Swift
Introduction
Rather than create our own style guide for Swift, we decided to refer to The Official raywenderlich.com Swift Style Guide and to Github's Swift Style Guide. We will attempt to point out the conflicts or ambiguities in the two here. The rationale is these style guides were compiled from many different sources and are widely accepted in the developer community as the de facto standard.

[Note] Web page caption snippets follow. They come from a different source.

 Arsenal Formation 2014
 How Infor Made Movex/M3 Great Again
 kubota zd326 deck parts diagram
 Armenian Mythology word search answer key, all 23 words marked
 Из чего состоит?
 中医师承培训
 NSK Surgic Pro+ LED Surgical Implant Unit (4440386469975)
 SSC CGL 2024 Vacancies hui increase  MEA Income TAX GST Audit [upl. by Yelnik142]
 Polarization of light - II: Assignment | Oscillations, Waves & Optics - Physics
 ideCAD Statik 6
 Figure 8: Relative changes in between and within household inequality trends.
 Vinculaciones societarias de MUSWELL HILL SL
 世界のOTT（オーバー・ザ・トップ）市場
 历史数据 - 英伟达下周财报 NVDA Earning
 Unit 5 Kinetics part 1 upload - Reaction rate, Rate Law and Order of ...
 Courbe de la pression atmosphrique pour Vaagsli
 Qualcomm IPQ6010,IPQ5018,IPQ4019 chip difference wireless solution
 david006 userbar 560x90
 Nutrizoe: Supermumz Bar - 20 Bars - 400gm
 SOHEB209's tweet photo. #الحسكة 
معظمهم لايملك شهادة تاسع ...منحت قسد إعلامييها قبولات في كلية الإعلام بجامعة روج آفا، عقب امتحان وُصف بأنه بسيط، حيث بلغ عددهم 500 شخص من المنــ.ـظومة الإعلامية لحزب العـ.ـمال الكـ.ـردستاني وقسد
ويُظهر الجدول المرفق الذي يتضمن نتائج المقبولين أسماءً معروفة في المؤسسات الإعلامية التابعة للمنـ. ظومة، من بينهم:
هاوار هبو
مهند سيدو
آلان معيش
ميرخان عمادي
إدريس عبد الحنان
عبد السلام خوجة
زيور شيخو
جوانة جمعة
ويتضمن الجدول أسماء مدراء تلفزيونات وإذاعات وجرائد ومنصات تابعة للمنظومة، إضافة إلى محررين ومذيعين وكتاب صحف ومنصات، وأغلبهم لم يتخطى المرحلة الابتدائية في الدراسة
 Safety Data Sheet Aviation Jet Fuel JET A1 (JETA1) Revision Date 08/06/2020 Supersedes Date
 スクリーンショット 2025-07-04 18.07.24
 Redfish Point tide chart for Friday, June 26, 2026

Developers are expected to read through and familiarize themselves with both style guides.
Conflicts
Access Controllers
The two style guides differ on their opinion of specifying the internal
access control keyword for top level functions, types and variables. The Ray Wenderlich style is preferred here. internal
is implied and the default access control, so there is no need to specify it.
Final Modifier
Github is pretty strict about starting all classes as final
in order to avoid subclassing. Ray Wenderlich's approach of only specifying final
when there is intention to keep a class from being subclassed is preferred. Although the intention of Github's style guide has a lot of merit, and composition over inheritance is preferred, it's a little much to go marking everything as final
. However, marking things 'private' that are not needed outside the class or type is strongly encouraged and comes in the same vein.
Cliff Notes
A few important things to make sure you have a good understanding of and also some interesting points.
Code Organization
using protocol conformance from Wenderlich's style guide. This is an interesting way to group code into logical blocks of functionality.
Memory Management
Make sure this section makes sense and is understood.
Golden Path
Proper use of guard really helps code readability.